06-28-2011, 12:21 PM | #46 |
creator of calibre
Posts: 43,858
Karma: 22666666
Join Date: Oct 2006
Location: Mumbai, India
Device: Various
|
open will not create directories for you you have to use os.makedirs first.
|
06-29-2011, 06:28 AM | #47 |
Connoisseur
Posts: 52
Karma: 38
Join Date: Jun 2011
Device: Kindle 3
|
@Kovid
Thanks. Solved the problem by checking/creating missing directory. Another question: For some reason, alot of things that work with my edition of python/pyqt/lxml don't work in calibre (v0.8.6). I keep on coming across the following when running the plugin in calibre: Code:
Traceback (most recent call last): File "calibre_plugins.ebook_cleaner.main", line 1479, in slotCleanAndOpenEpub File "calibre_plugins.ebook_cleaner.main", line 513, in clean File "lxml.etree.pyx", line 2762, in lxml.etree.fromstringlist (src/lxml/lxml.etree.c:52933) File "parser.pxi", line 1134, in lxml.etree._FeedParser.feed (src/lxml/lxml.etree.c:76722) File "parser.pxi", line 556, in lxml.etree._ParserContext._handleParseResult (src/lxml/lxml.etree.c:71680) File "parser.pxi", line 645, in lxml.etree._handleParseResult (src/lxml/lxml.etree.c:72614) File "parser.pxi", line 585, in lxml.etree._raiseParseError (src/lxml/lxml.etree.c:71955) XMLSyntaxError: Char 0x0 out of allowed range, line 2, column 1 How can I solve this problem? |
06-29-2011, 10:20 AM | #48 |
creator of calibre
Posts: 43,858
Karma: 22666666
Join Date: Oct 2006
Location: Mumbai, India
Device: Various
|
You've got null bytes in your strings. stringvar.replace('\0', '')
|
06-29-2011, 11:54 AM | #49 |
Connoisseur
Posts: 52
Karma: 38
Join Date: Jun 2011
Device: Kindle 3
|
@Kovid
That solved one issue. But then it found another. So I just did ''.join(list) first, then parsed from a string instead of a list. For some strange reason it no longer has a problem, even without replacing null bytes. But it is rather time consuming to perform this operation first. Oh well. Still, is calibre's version of lxml not up to date? Because mine works fine parsing from a list! Another question: I'm having trouble saving a page from webkit. I tried both mainFrame().toHtml() and documentElement.toOuterXml() and either way it wont save valid xhtml. It always leaves out the '/' on single tag elements (like 'img', 'br', 'meta'). (Is it even valid in an epub?) This generates serious problems when trying to parse it again with lxml. So, do you know of a way around this issue? Thanks for all the help |
06-29-2011, 12:01 PM | #50 |
creator of calibre
Posts: 43,858
Karma: 22666666
Join Date: Oct 2006
Location: Mumbai, India
Device: Various
|
calibre-debug -c "from lxml import etree; print etree.LXML_VERSION"
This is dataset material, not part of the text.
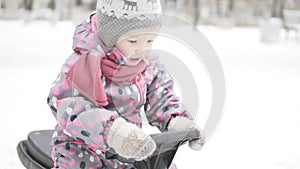 Little girl rides in the winter on a snow scooter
I've never tried saving from webkit so I dont have any advice for you on that. |
06-29-2011, 12:04 PM | #51 |
creator of calibre
Posts: 43,858
Karma: 22666666
Join Date: Oct 2006
Location: Mumbai, India
Device: Various
|
|
06-30-2011, 11:01 AM | #52 |
Connoisseur
Posts: 52
Karma: 38
Join Date: Jun 2011
Device: Kindle 3
|
@Kovid: Thanks. I guess I'll just have to parse webkit's output with lxml.html, and resave as xhtml.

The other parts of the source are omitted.